Personal information
- Full name: Alfred Gordon Andrew-Street
- Date of birth: 8 April 1914
- Place of birth: Bondi, New South Wales
- Date of death: 13 December 1984 (aged 70)
- Place of death: Concord, New South Wales
- Original team(s): Collingwood Tech
- Height: 174 cm (5 ft 9 in)

Playing career^{1}
- Years: Club / Games (Goals)
- 1933–1934: Collingwood / 6 (0)
- ^{1} Playing statistics correct to the end of 1934.

= Alfred Andrew-Street =

Australian sportsman

Alfred Gordon Andrew-Street (8 April 1914 – 13 December 1984), known to close friends as 'Andy', was an Australian sportsman who played first-class cricket for Victoria and Australian rules football in the Victorian Football League (VFL) with Collingwood.

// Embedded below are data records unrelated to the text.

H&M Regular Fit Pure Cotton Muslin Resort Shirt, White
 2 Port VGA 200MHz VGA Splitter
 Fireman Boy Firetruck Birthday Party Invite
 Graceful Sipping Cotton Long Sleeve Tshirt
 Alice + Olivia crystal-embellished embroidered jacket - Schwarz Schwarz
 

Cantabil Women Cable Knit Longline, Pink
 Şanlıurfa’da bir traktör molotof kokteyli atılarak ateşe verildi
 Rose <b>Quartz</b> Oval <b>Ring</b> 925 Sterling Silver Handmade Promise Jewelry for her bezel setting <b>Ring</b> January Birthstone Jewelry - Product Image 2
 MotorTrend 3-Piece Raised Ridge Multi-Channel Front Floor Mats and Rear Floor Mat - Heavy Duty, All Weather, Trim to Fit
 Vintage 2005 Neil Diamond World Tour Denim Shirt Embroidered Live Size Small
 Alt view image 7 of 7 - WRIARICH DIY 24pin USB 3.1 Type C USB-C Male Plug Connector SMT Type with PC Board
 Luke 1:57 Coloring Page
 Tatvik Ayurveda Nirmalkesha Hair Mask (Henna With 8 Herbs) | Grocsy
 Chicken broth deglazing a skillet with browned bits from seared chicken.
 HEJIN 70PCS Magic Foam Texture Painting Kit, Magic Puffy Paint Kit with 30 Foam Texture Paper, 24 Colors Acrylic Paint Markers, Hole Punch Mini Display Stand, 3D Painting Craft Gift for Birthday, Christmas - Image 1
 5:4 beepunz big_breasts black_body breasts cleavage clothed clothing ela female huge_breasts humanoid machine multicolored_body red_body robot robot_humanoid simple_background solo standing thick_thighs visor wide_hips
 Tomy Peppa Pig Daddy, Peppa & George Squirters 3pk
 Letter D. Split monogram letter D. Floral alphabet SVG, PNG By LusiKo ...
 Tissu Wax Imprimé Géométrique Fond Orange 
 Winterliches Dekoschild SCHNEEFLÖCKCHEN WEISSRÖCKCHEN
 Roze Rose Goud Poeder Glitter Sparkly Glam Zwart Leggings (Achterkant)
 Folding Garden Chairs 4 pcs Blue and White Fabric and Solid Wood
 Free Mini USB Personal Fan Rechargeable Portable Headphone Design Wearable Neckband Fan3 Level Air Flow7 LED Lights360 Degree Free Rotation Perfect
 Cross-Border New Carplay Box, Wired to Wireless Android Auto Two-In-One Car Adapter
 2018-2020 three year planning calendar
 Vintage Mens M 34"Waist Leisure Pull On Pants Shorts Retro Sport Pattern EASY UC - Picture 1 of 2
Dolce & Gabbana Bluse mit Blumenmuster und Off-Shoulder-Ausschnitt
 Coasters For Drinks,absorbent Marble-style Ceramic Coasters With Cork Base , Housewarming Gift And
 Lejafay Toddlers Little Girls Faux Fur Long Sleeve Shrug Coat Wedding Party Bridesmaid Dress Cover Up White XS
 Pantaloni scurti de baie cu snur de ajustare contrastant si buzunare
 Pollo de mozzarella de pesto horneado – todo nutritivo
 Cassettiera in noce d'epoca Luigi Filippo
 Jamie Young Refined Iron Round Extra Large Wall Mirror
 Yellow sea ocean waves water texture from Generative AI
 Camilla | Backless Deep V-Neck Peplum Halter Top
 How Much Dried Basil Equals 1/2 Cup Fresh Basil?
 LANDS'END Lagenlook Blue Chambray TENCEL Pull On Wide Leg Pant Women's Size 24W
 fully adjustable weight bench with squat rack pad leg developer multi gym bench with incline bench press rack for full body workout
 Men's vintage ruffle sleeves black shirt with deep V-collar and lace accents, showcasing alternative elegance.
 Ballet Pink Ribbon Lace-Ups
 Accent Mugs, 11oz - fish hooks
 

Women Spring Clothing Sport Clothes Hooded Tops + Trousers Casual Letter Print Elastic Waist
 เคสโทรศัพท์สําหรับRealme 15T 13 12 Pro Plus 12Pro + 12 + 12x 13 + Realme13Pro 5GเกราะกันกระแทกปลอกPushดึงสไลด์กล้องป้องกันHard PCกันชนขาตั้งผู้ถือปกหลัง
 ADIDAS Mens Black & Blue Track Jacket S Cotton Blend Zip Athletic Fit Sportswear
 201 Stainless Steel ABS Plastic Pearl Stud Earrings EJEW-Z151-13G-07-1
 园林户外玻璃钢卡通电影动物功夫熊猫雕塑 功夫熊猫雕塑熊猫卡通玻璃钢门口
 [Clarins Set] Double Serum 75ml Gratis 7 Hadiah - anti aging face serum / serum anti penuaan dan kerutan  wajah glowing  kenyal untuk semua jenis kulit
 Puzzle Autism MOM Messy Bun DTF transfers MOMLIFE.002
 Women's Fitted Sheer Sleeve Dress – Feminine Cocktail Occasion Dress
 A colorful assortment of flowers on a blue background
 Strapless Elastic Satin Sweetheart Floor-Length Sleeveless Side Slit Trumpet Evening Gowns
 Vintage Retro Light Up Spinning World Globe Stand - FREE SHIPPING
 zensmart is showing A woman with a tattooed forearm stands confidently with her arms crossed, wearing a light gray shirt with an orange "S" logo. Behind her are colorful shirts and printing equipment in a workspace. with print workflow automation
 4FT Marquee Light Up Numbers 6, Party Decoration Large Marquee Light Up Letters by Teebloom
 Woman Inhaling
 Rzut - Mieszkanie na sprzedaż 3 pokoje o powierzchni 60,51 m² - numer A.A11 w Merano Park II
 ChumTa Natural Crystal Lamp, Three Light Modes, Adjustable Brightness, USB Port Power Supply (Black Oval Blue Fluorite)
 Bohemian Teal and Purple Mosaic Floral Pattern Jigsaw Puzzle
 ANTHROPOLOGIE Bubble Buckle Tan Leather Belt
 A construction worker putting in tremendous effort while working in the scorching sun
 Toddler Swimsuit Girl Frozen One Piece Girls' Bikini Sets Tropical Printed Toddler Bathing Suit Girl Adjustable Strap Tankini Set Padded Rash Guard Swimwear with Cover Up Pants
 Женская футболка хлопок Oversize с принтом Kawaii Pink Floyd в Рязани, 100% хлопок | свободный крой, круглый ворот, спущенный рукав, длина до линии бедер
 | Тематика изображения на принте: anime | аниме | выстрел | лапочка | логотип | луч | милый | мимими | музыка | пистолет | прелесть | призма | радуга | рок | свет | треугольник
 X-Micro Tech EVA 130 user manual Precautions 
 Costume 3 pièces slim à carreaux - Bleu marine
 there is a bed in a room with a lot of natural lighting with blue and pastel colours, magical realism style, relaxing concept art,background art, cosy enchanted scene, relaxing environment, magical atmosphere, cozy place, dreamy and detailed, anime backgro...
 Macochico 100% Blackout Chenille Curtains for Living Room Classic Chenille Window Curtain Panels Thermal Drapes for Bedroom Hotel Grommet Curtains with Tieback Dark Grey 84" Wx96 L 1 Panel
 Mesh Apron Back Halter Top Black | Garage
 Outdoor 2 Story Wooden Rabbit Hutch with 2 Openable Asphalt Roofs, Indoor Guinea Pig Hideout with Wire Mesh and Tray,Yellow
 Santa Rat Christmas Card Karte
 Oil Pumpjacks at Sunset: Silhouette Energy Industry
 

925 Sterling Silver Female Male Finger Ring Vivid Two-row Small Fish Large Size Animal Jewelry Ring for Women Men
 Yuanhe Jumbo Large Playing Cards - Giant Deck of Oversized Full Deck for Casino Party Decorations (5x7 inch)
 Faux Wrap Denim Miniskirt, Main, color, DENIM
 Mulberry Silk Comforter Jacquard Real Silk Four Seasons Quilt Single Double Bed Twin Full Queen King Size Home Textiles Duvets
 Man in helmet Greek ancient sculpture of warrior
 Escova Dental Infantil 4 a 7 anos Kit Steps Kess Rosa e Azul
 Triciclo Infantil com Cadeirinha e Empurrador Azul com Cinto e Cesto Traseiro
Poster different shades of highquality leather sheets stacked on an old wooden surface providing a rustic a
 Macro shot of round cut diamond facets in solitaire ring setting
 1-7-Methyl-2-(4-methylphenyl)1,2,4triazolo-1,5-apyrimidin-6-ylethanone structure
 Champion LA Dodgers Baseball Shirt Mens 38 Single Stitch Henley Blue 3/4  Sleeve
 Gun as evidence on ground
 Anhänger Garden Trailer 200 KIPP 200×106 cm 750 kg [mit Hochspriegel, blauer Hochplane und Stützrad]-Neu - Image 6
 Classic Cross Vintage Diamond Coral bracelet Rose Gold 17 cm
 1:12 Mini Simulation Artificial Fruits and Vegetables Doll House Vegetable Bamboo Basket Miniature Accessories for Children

Andrew-Street was a captain and life member of Collingwood Cricket Club. Born in Bondi, Sydney, he played a total of six VFL games at Collingwood, five in 1933 and the other in 1934. His only first-class cricket game came in 1937–38 against Tasmania at the Melbourne Cricket Ground where he opened the batting in both innings, making 21 and 16. His sporting career was cut short by service in the RAAF in World War II where he served as a pilot and flight instructor, largely in New Guinea. At age three, 'Andy' had lost his own father to World War I's Western Front at Ypres. Alfred Gordon Andrew took on his step-father's surname and went on to be educated at Trinity Grammar, Melbourne.

After a life in sales that took him and his family to three states, and having spent the last 26 years of his life in Balgowlah, he died in Sydney.